2.1 Local Role Consistency in Collaboration-Based Software Design

In the establishment of a market for software components, the separation of specification and implementation is a well-known prerequisite.


Figure 2: Reuse Contracts

Clients choosing the components based on their catalog descriptions (i.e., contract specifications) expect them to behave correctly with respect to their published contracts. In general, as shown in figure 2, contracts can be divided into four main levels with increasingly negotiable properties [Beugnard et al. 1999].  The first level, that of basic contracts, is required to simply define the signature and types. The second level, based on behavioral contracts, improves the level of client confidence, particularly in a sequential context. The third level, emphasizing the synchronization and interaction pattern contracts, improves confidence particularly in concurrent and distributed settings. The fourth level, quality of service contracts, quantifies the quality of service. Although consistency notions exist for functional and structural contracts, still missing with regard to collaboration-based software with collaborative behavior reuse is a general consistency notion that emphasizes synchronization contracts. Hence, determining methodologically whether the synchronization constraints of used components’ roles fit into their local context (i.e., horizontal consistency) or are safely extended (i.e., vertical consistency) is still an elusive goal.

2.2 Decision Procedures for the Analysis of Local Consistency Conditions

Once functional and signature compatibility is established, synchronization play a key role in assessing the fitness of components in a collaboration. The preliminary analysis for synchronization fitness (consistency) of a component is determined by its interaction policy compatibility with respect to its context and depends on the interaction semantics under consideration. Given the semantic domain used to express the synchronization consistency conditions based on a certain interaction and request scheduling mechanism, for correct realization, the next step involves developing decision procedures to analyze the conditions mapped to the semantic domain. This involves procedures determining (1) role compatibility (horizontal consistency), (2) safe refinement (vertical consistency) of role and collaboration evolutions, and (3) correct realization and implementation of the expected local role interaction policies.

2.3 Causal Process Constraint Analysis for Achieving Global Consistency

For achieving global consistency, analysis of local synchronization constraints for horizontal and vertical consistency is necessary but insufficient. This is due to the fact that the synchronization behavior of a role often depends on other roles that, because of shared data state space and control and data dependent causal connections, interfere with its interaction decisions. Furthermore, for many component engineering tasks, including reasoning, verification, and reuse, such causal connections depict why an artifact is configured as it is. This is especially important when non-functional aspects are derived from a particular design rationale based on certain causal processes embedded in the collaboration. Hence, to achieve global consistency, there is a need to provide methods for capturing, constraining, and analyzing expected causal processes. Due to cascaded local synchronous interactions, the emergent collaborative behavior designates how the component’s behavior depends upon the composition of its constituent components and how the component behavior is accomplished. Here, the conjecture asserts that in order to verify that a component achieves its goal as intended by the designer, one must show not only that the final expected condition is satisfied but also that the components participated in the expected causal process that resulted in the expected function. Hence, the causal processes underlying the intended design patterns of the component designate a certain aspect of the designer’s rationale and purpose to establish certain non-functional as well as functional goals. In order to realize this rationale and purpose it is essential to provide a means of (1) representing the intended causal processes, (2) formulating constraints on causal processes and their evolution, and (3) verifying whether the causal process constraints are satisfied by the observed behavior of the component.  In this way, it would be possible to decide if the components (re)used in the intended process work to achieve particular functional or nonfunctional goals.

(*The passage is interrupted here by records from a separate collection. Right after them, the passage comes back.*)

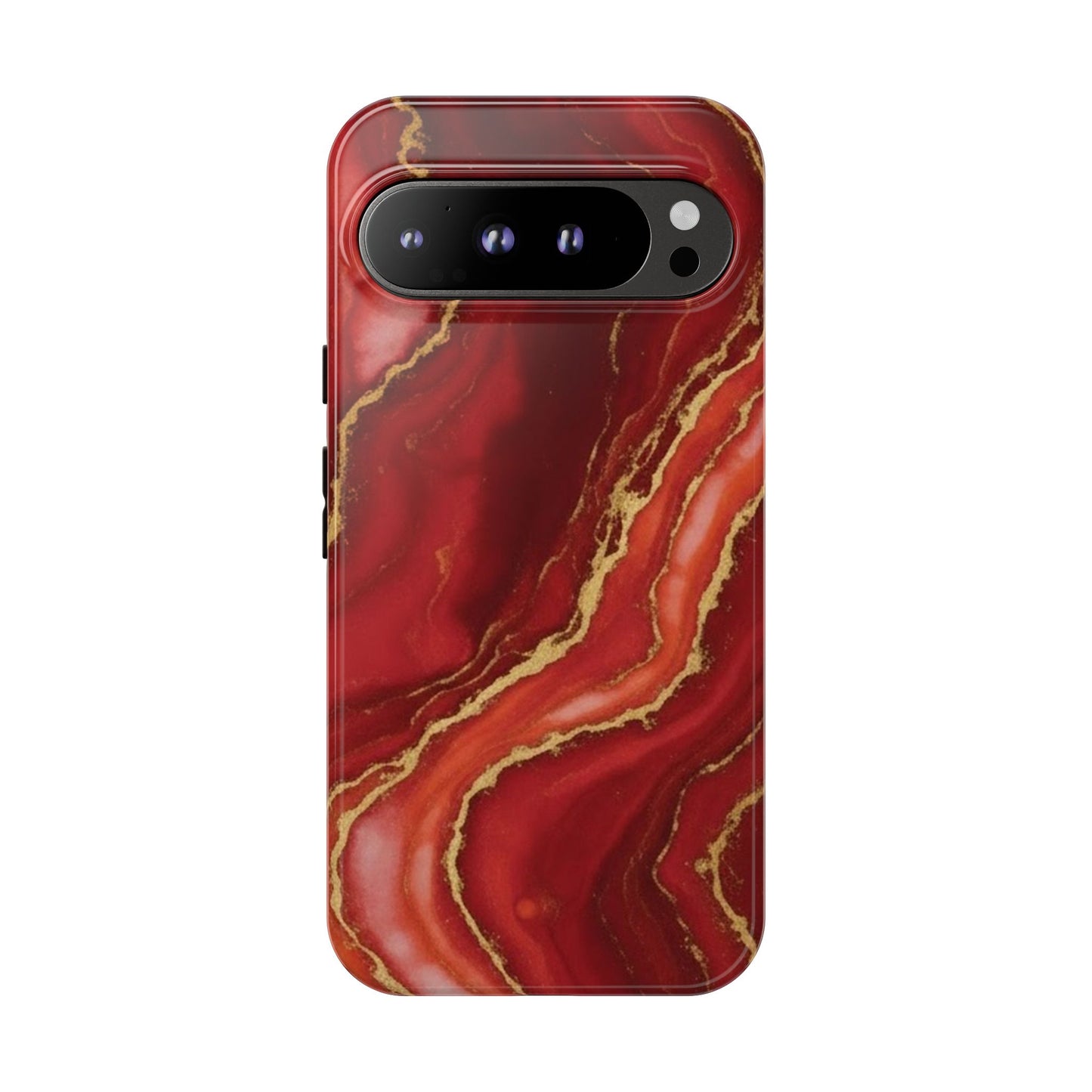 Red Agate Marble Phone Case – Gold Vein Luxury Stone Tough Case (iPhone, Samsung, Pixel)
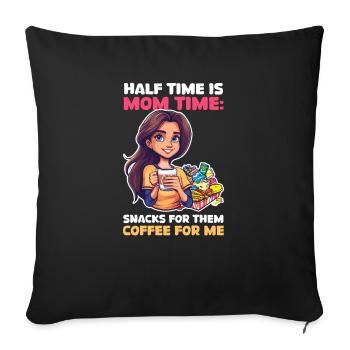 Volleyball Mom Snacks for Them, Coffee for Me - Sofa pillowcase 17,3'' x 17,3'' (45 x 45 cm) - black - Front
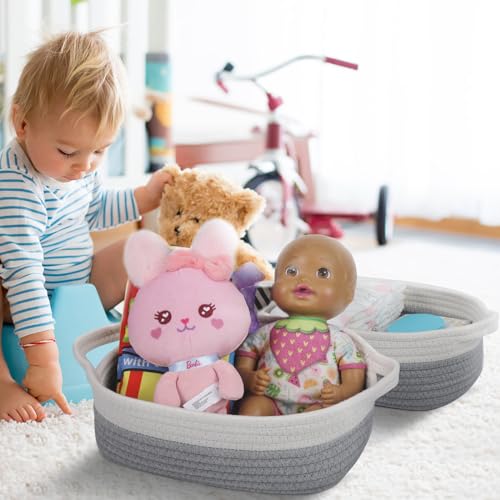 Set of 5 Woven Baskets - Rope Storage Solutions, Nursery & Organizing, Off White & Gray - view 5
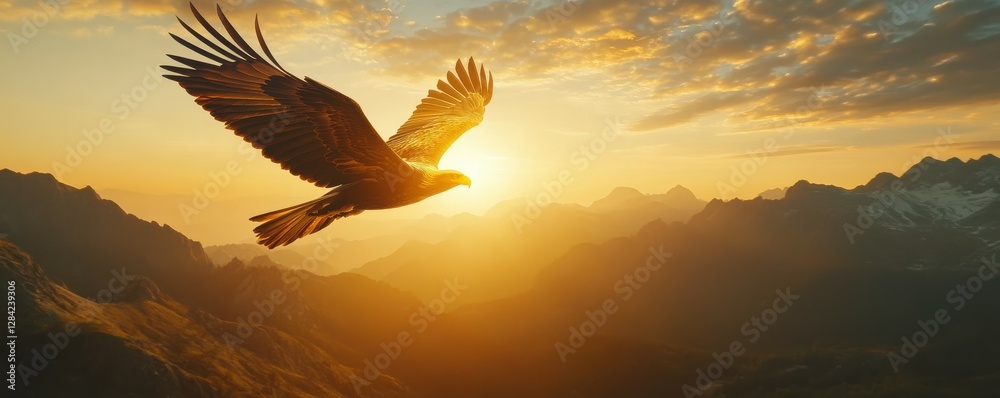 Obraz premium Majestic eagle soaring at sunrise over mountain landscape with golden sky
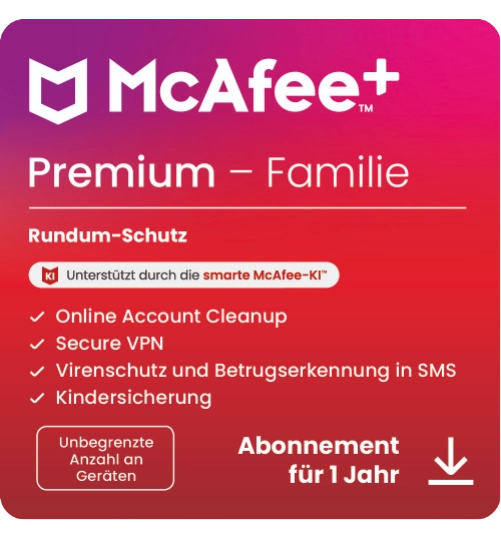 McAfee+ Premium Family | 1 Jahr | Unbegrenzte Geräte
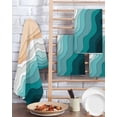 thumbnail image 2 of Turquoise Coastal Beach Kitchen Dish Towels for Drying Dishes Set of 4, Modern Ombre Sea Waves Art Waffle Weave Microfiber Terry Hand Tea Bathroom Towels Quick Dry & Absorbent Towel 15.7x23.6, 2 of 7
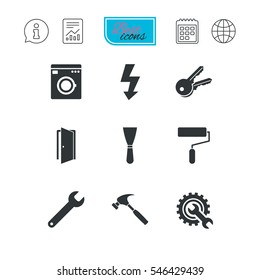 Repair, construction icons. Electricity, keys and hammer signs. Door, washing machine and service symbols. Report document, calendar and information web icons. Vector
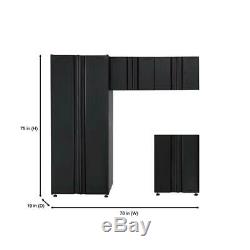 Welded 78 In. W X 75 In. H X 19 In. D Steel Garage Cabinet Set In Black 4-Piece
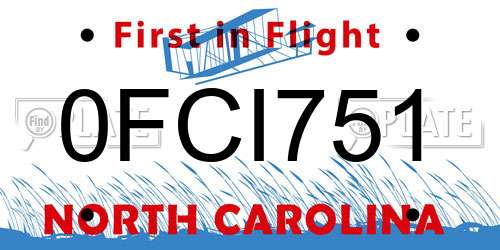 0FCI751 North Carolina License Plate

3. Local Collaboration Consistency Notions using Concepts of  UML-RT

In this section the local consistency notion is illustrated in the context of a collaborative behavior design. The utility of the methods is discussed in the context of UML-Real Time (UML-RT), which is an extension of UML. UML-RT places strong emphasis on UML collaboration concept, along with notions of capsules, ports, connectors, protocols, and protocol roles. Capsules are complex and potentially concurrent active architectural components. They interact with their environment through one or more signal-based boundary objects called ports. Collaboration diagrams describe the structural decomposition of a capsule class.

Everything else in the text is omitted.